▸ **WHAT THIS TASK INVOLVES**:
In the listing that follows, the range to quote begins at the line that has "(HARGA SUDAH DAPAT" and ends after the line that has "Quickly access your"; quote it verbatim and add nothing.

━━━

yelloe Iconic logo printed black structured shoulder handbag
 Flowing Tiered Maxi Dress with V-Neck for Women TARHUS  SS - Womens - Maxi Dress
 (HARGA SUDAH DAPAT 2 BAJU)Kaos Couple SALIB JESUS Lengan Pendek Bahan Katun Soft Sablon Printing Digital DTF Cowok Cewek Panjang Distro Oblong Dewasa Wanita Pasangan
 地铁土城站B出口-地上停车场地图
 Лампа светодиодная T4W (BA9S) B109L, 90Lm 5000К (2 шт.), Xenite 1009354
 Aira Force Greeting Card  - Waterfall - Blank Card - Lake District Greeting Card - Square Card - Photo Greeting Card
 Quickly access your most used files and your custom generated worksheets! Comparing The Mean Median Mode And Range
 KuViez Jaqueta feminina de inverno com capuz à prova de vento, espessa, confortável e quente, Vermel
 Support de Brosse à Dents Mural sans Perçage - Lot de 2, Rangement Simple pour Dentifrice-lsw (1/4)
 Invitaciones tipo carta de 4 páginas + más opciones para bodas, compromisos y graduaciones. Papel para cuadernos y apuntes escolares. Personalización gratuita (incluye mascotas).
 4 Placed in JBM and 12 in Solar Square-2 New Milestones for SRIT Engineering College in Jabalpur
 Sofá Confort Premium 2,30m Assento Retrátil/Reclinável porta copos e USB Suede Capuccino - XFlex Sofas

━━━

▸ **FINAL ANSWER**:
 (HARGA SUDAH DAPAT 2 BAJU)Kaos Couple SALIB JESUS Lengan Pendek Bahan Katun Soft Sablon Printing Digital DTF Cowok Cewek Panjang Distro Oblong Dewasa Wanita Pasangan
 地铁土城站B出口-地上停车场地图
 Лампа светодиодная T4W (BA9S) B109L, 90Lm 5000К (2 шт.), Xenite 1009354
 Aira Force Greeting Card  - Waterfall - Blank Card - Lake District Greeting Card - Square Card - Photo Greeting Card
 Quickly access your most used files and your custom generated worksheets! Comparing The Mean Median Mode And Range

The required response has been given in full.